Why do we expect people to behave otherwise? When humans endure trauma and stress, they are usually quiet, passive and obedient. That’s not because they are superhuman. That’s because in most circumstances, it is in their survival interest to gather information and help each other.

It reminds me of the way some reporters tend to marvel at how “articulate” an African-American official can be, or how “normal” a gay couple turns out to be. We reveal ourselves with words like these.

Clearly, culture matters. And the Japanese are famously resilient in many ways. Their building codes, preparedness drills and support networks have been—and should continue to be—models for the rest of us. But let’s start expecting decency from the public—and planning for it well before we need it most.

 

Disaster in Japan

Tsunami is a Japanese word, and we are reminded why today. Our thoughts go to the victims and survivors in Japan as we await more information on the 8.9-magnitude quake that rocked the country earlier today.
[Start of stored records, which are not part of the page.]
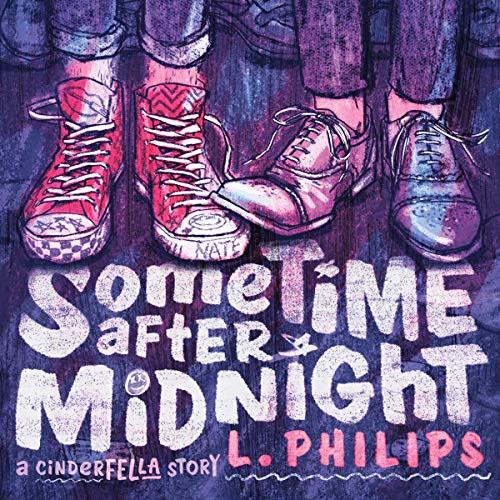 Cover of Sometime After Midnight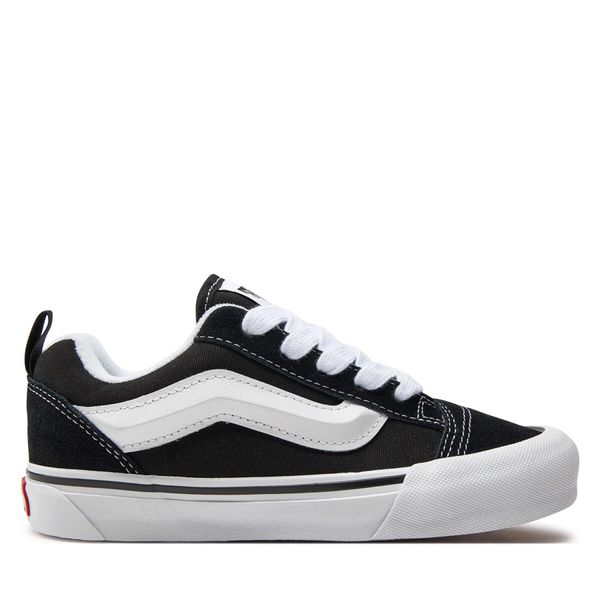 Vans Tenis superge Vans Knu Skool VN000CYU6BT1 Črna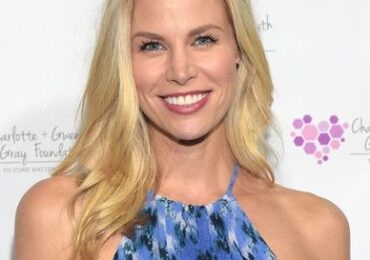 Brooke Burns Body Measurements Height Weight Shoe Size Statistics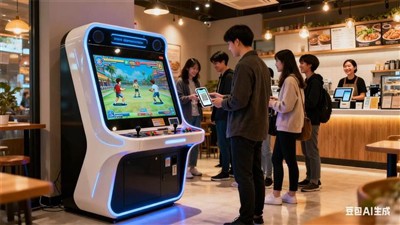 Sapunapi Mesin Arcade Smart punika Ngalih Pendapatan Usaha Alit
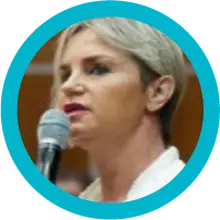 Claudia Perandones - Argentina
One story to watch: Initial reports suggest that Japan’s early warning system for earthquakes (Kinkyu Jishin Sokuho in Japanese) did indeed work in some locations. That system, launched in 2007, is the only one of its kind. It only gives people a few seconds warning at the most (via TV and cell-phone alerts), but it is also designed to automatically send warnings to train operators, elevators, construction sites and gas and power facilities. The system is triggered by the fast-moving but less-powerful waves that tend to manifest themselves seconds before the more powerful tremors.
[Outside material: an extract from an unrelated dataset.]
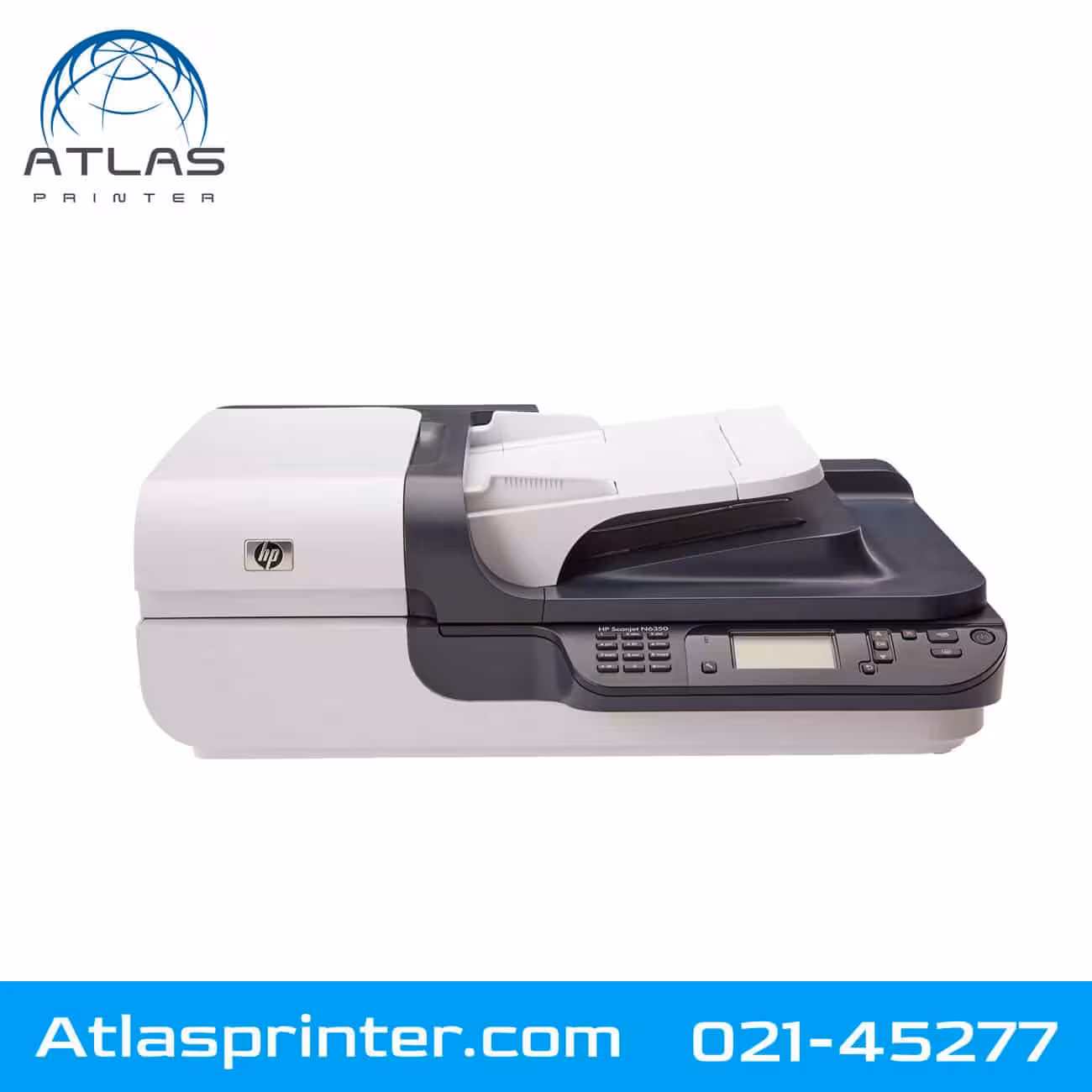 اسکنر اچ پی HP N6350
But the more important technology will undoubtedly prove to be the old-fashioned kind. Strict enforcement of rigorous building codes remains the only way to prevent mass casualties in any significant earthquake. From ABC News today:

Last year’s earthquake in Haiti had a magnitude of 7.0—about a hundredth as violent as the 8.9 earthquake in Japan—but the number of deaths was much higher. The Haitian government eventually reported a death toll of more than 200,000 people. Scientists said Haiti was as much a victim of poverty as geology; it could not afford to build better housing.